Comparison: Manual Testing vs. Automated Testing
A common message when weighing manual testing vs. automated testing, automated software testing is often thought to be the best way to increase the effectiveness, efficiency and coverage of your software testing because they usually save time and money, improve accuracy, and assist developers and tester in doing things that manual tests simply cannot. A computer can follow a sequence of steps faster than a person, and can run continuously overnight if necessary.
However, there are some that believe that while manual tests are indeed labor- intensive, it is incorrect to underplay the importance of human intelligence and assume that all manual testing can be replaced by automated tools. Also, one must consider that sometimes the time spent creating the automated test can sometimes match the time saved by the testing. As a matter of fact, depending on the type of system being tested and the tools that are chosen for test automation, some automated testing may require more labor than a manual testing approach. In addition to this, sometimes interpreting the results of the large amount of data produced by automated testing tools can present a challenge of its own. This means that automated testing becomes more cost effective in cases of regression testing and test-driven development, when the same tests can be reused many times over the results can be interpreted quickly. So if test software is not likely to be used in the future, then a manual approach is more favorable.
Items such as device drivers and software libraries should be tested using the automated testing approach. In addition to this, for performance testing and load testing (testing large numbers of users) it is better to simulate with automated testing rather than manual testing.
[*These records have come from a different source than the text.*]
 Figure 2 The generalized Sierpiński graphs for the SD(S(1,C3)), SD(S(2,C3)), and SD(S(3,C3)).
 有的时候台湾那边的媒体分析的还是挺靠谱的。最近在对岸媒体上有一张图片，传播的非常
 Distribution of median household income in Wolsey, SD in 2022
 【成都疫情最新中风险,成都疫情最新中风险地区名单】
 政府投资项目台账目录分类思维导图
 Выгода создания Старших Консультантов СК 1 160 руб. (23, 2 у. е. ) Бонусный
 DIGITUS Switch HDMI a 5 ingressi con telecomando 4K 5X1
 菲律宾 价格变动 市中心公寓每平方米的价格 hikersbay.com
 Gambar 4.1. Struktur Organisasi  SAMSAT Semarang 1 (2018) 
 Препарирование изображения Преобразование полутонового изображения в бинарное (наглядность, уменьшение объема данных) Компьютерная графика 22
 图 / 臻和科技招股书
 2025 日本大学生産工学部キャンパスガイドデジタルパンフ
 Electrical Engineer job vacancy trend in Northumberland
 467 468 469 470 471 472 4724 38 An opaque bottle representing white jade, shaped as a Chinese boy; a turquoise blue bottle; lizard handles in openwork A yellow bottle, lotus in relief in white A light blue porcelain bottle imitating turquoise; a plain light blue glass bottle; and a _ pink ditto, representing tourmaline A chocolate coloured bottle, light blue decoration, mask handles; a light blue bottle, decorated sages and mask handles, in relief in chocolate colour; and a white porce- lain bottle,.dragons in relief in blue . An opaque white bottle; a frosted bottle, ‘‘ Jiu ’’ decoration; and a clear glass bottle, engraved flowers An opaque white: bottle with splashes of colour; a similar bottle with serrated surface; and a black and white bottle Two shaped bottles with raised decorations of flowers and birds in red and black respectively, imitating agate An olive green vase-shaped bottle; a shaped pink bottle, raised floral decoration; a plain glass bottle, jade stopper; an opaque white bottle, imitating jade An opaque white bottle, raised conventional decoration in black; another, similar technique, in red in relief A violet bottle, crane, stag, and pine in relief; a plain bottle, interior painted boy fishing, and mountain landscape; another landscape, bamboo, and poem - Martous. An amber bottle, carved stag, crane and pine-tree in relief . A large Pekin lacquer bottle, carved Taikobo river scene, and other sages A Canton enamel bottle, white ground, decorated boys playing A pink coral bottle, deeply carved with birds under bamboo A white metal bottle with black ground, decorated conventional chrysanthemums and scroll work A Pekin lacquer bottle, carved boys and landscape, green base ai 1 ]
On the other hand, GUIs where the layout changes frequently are extremely difficult to check using automated testing. There are test frameworks that may be useful for regression testing of GUIs but they rely on recording sequences of keystrokes and mouse movements, followed by playback and observation of user interface response. If these buttons are moved or changed in any other way in subsequent releases, these recordings may not work properly. In these cases, manual testing may be more effective then automated testing. When making decisions regarding manual testing vs. automated testing, one should take into account the items being tested. In some instances, one form of testing may be more useful than the other, but neither is ideal for all cases.